Goran Orešić
- Full name: Goran Orešić
- Country (sports): Croatia
- Born: 28 April 1975 (age 49)
- Prize money: $18,532

Singles
- Career record: 0–2
- Highest ranking: No. 368 (19 August 1996)

Doubles
- Career record: 2–3
- Highest ranking: No. 284 (23 June 1997)

= Goran Orešić =

Croatian tennis player

Goran Orešić (born 28 April 1975) is a former professional tennis player from Croatia.

==Biography==
Orešić played in two Davis Cup ties for the Croatian team, both in 1996. He debuted in the reverse singles of a tie against Ukraine, with his win over Sergei Yaroshenko securing a 5–0 scoreline.
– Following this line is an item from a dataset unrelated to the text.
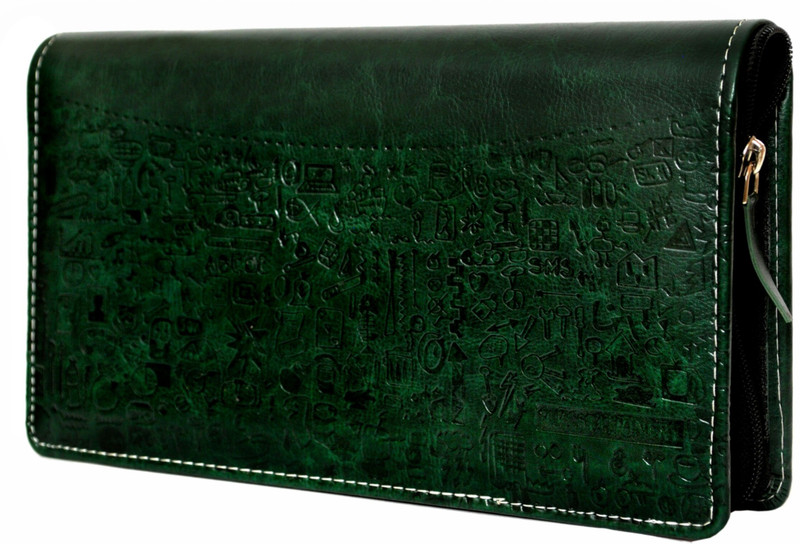 kittu Leather cheque book holder(Set Of 1, Green)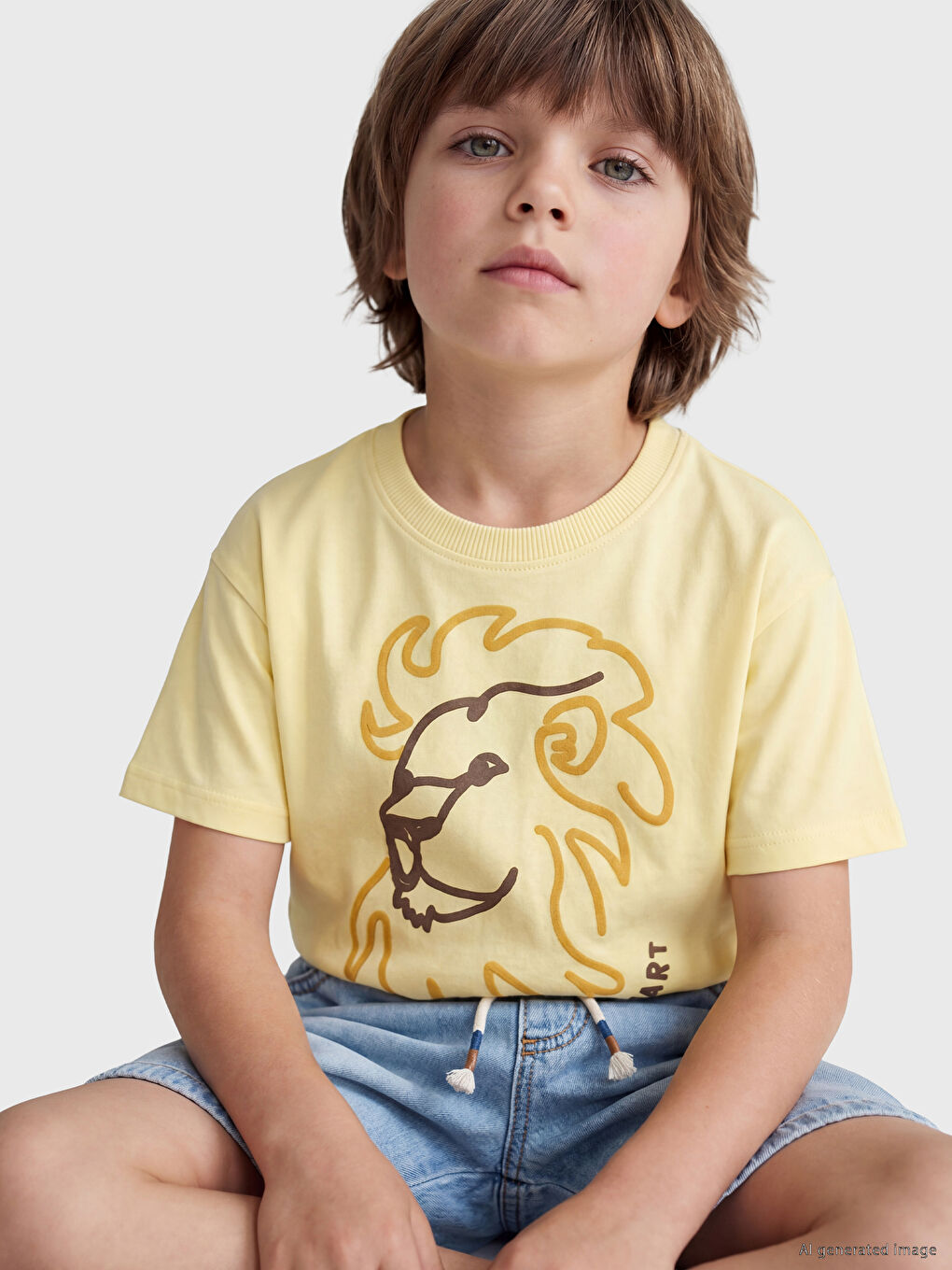 Crew Neck Printed Boys' T-Shirt-1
His other appearance came in the World Group qualifier against Australia in Split, where he was beaten by Mark Philippoussis.

On the ATP Tour he twice featured in the singles main draw of the Croatia Open Umag, as a qualifier in 1995 and 1996. As a doubles player he made the quarter-finals of the Zagreb Indoors in 1996 and 1997.

He is a former coach of Croatian player Ivo Karlović, who was his childhood friend and former doubles partner. His time as coach included Karlović's win over top seed Lleyton Hewitt at the 2003 Wimbledon Championships.